▸ What is needed
Except for images, print the whole listing verbatim.

▸ Supplied material
BEGIN
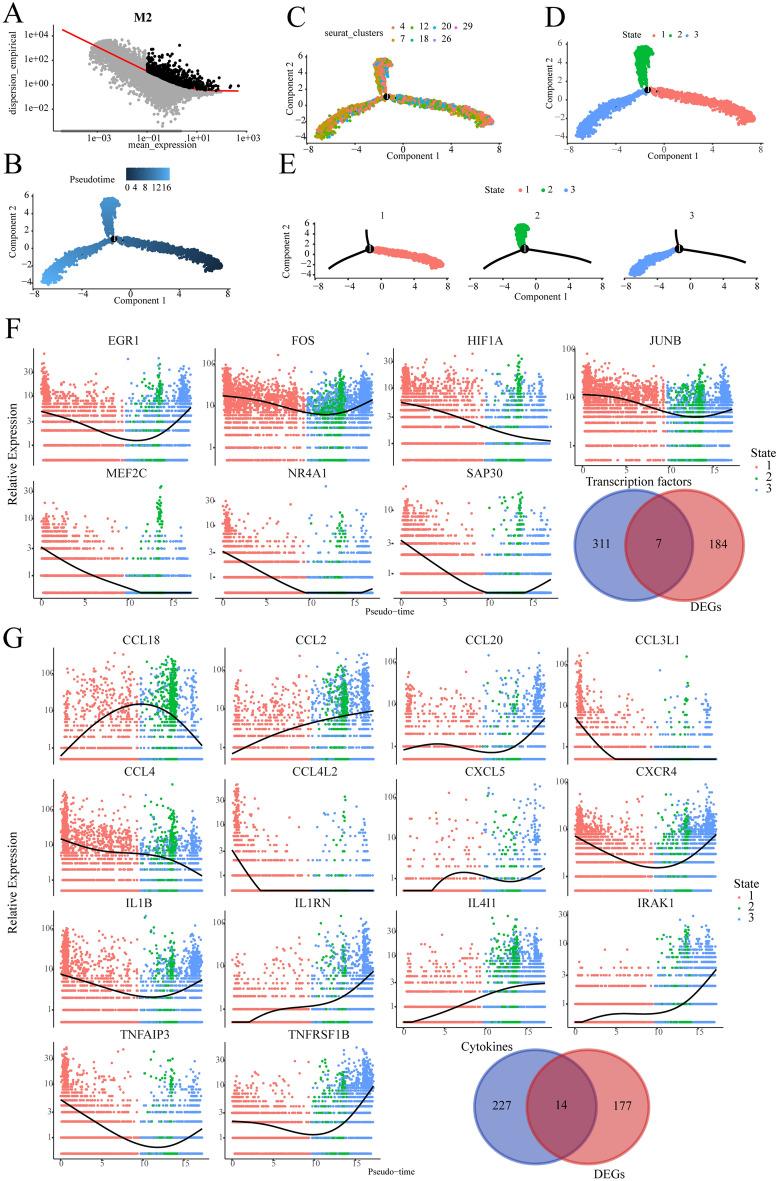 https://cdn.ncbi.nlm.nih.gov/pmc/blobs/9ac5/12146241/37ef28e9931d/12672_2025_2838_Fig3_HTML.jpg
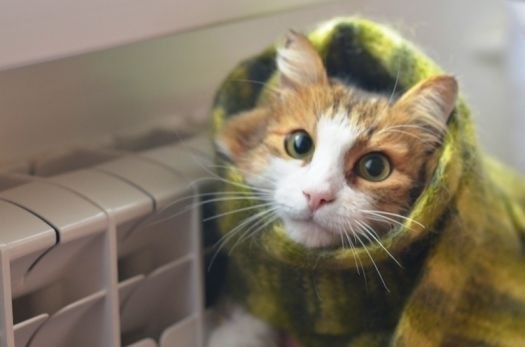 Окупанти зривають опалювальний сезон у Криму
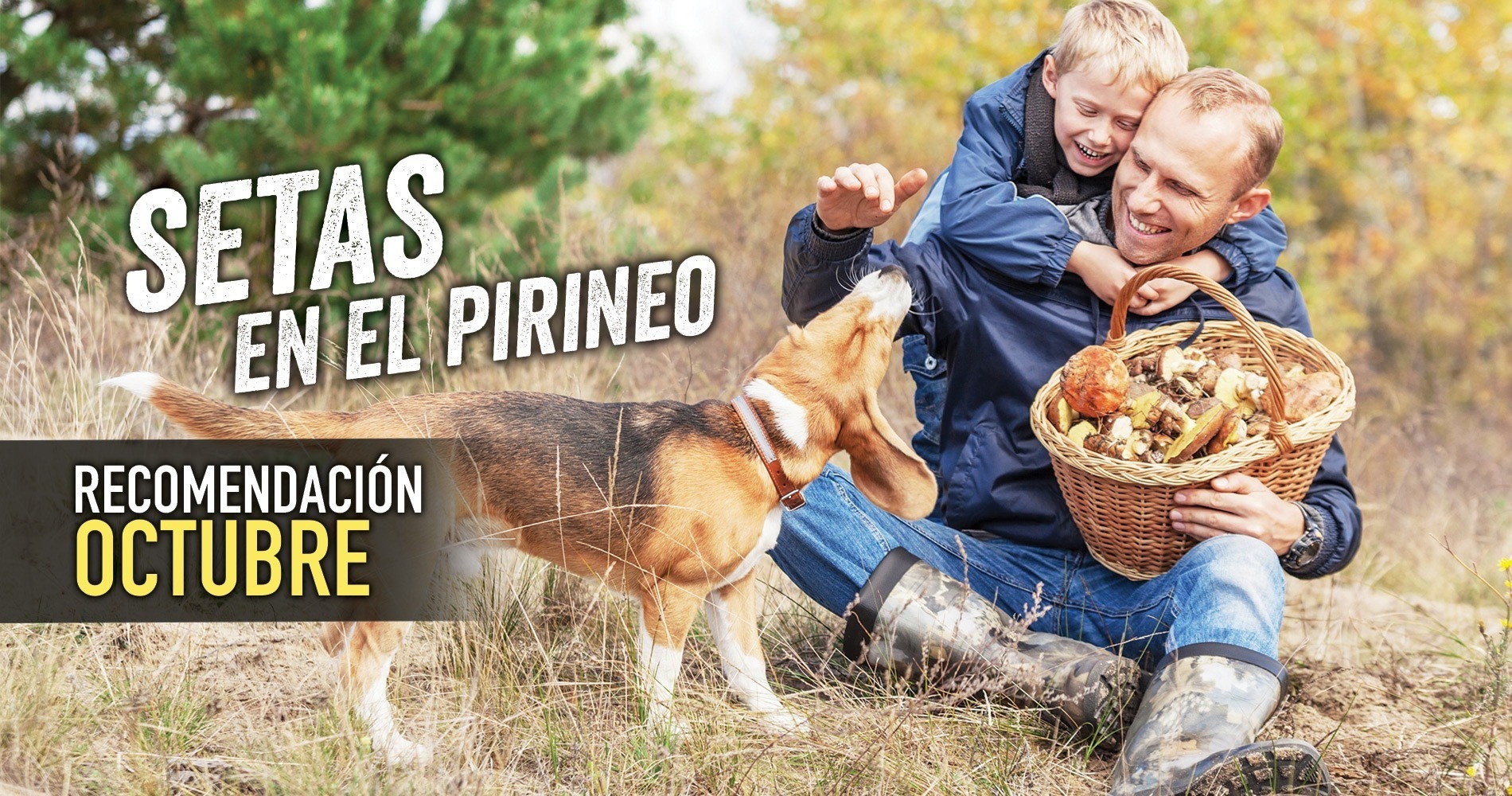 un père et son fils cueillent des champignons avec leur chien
END
▸ Solution to this exercise
 https://cdn.ncbi.nlm.nih.gov/pmc/blobs/9ac5/12146241/37ef28e9931d/12672_2025_2838_Fig3_HTML.jpg
 Окупанти зривають опалювальний сезон у Криму
 un père et son fils cueillent des champignons avec leur chien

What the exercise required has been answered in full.